The Wilkinson power divider was first introduced by Ernest Wilkinson, who proposed that the power divider configuration could split an input signal into two in-phase output signals.
The performance of a Wilkinson power divider can be improved by adding an 𝛌/4 transformer in front of the power division step.
The advantages of Wilkinson power dividers are their simple structure, compact size, high suppression factor, high isolation between output ports, wide stopband, and broad bandwidth characteristics.
Wilkinson power dividers are significant components in modern wireless communication systems
In modern wireless communication systems, power dividers are significant components used in power amplifiers, mixers, active circulators, and phase shifters. Among power dividers, Wilkinson power dividers are widely used due to their simple construction, narrow bandwidth, and reliable performance.
Wilkinson power dividers are the basic building blocks in communication circuits and are most commonly seen in ultra-wideband (UWB) circuits, antenna array systems, and RF front modules. As Wilkinson power divider applications expand, engineers continue to work to miniaturize this conventional divider to save on costs and space.
In this article, we will discuss modified, compact-size Wilkinson power dividers and how they can be applied in the field.
An Overview of Wilkinson Power Dividers
The Wilkinson power divider was first introduced by Ernest Wilkinson, who proposed that the power divider configuration could split an input signal into two in-phase output signals. It was discovered that the Wilkinson power divider can also be used as a power combiner, where the structure takes two input signals of equal phases for combining. The Wilkinson power divider offers outputs with equal phase as well as with a broad bandwidth of about 1 octave.
The Wilkinson power divider is a three-port power divider—otherwise known as a two-way power splitter. The output ports are usually terminated by a series resistor, which provides the isolation between output ports. This isolation is obtained by terminating the output ports by a series resistor. The value of the series resistor should be equal to 2Zo, where Zo is the system impedance. The lines are equal to a quarter wavelength and the characteristic impedance is equal to √2Zo .
The performance of a Wilkinson power divider can be improved by adding a 𝛌/4 transformer in front of the power division step. The bandwidth can be increased from octave to decade by using multi sections. By varying the values of the series resistor and the 𝛌/4 sections, one Wilkinson power divider application can be to mitigate unequal power division.

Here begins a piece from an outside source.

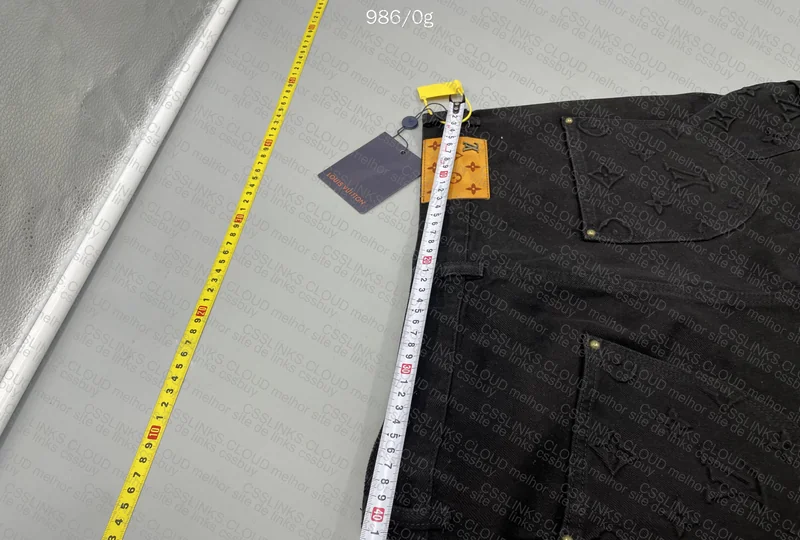 Louis Vuitton Jeans 8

Advantages of Wilkinson Power Dividers
The advantages of conventional Wilkinson power dividers include:
High suppression factor
High isolation between output ports
Broad bandwidth characteristics
Modified Microstrip Wilkinson Power Divider Applications in GSM Communication Systems
In GSM communication circuits, modified microstrip Wilkinson power dividers are commonly applied, as compact size and harmonic suppression can bring added value to these power dividers.

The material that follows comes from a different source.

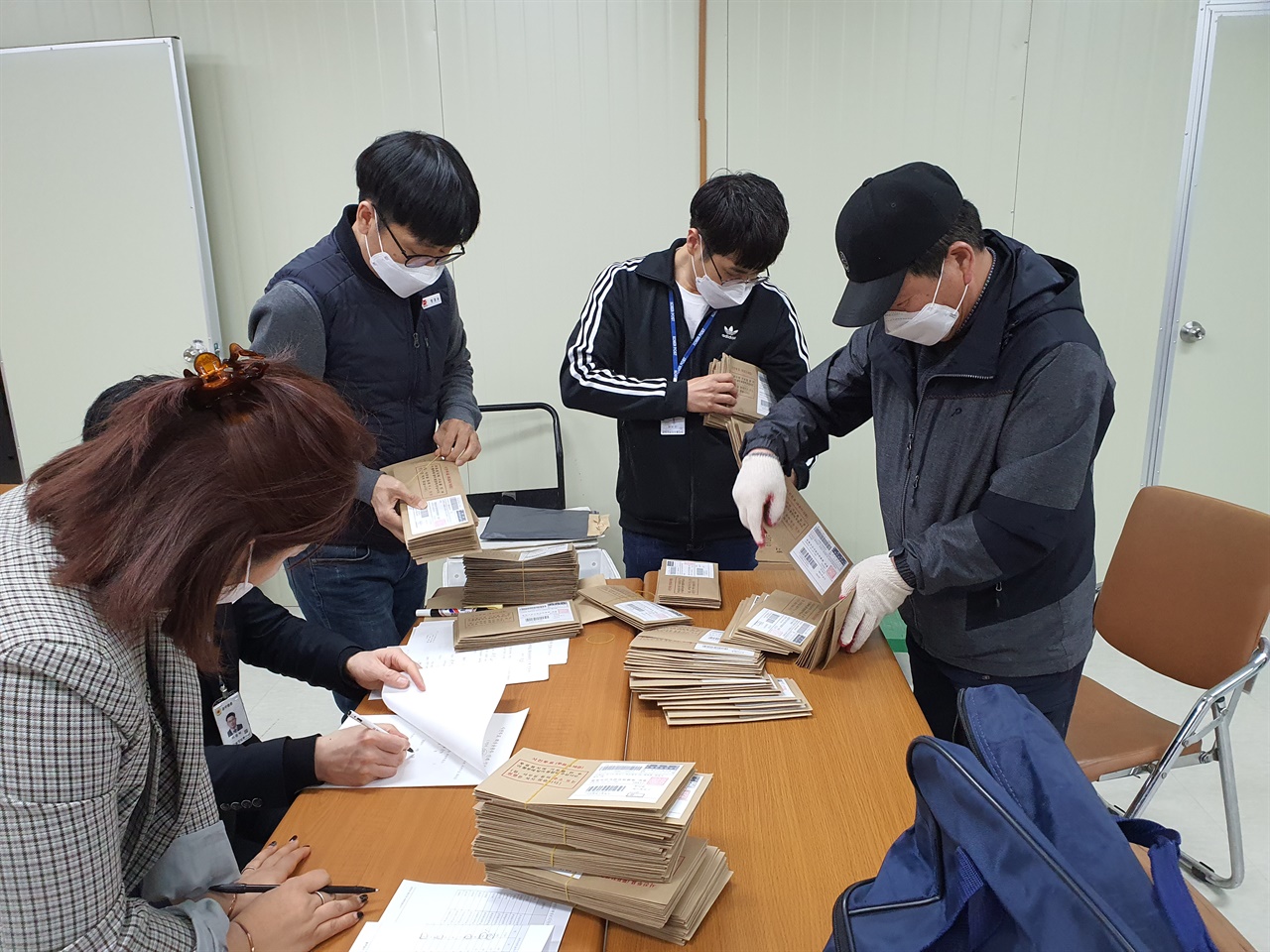  11일 홍성군선관위에 도착한 관외투표지를 참관인 입회하에 해당 우체국으로 분류하고 있다.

Modified microstrip Wilkinson power dividers are created by modifying a conventional Wilkinson power divider. By modifying the Wilkinson power divider with one open stub, one radial resonator, and two rectangular resonators, the harmonics of order two to six can be suppressed. The open stub, radial, and rectangular resonators form the low pass filters in the modified structure. Two low pass filters of this kind are introduced into the quarter wavelength branch lines to suppress the higher-order harmonics.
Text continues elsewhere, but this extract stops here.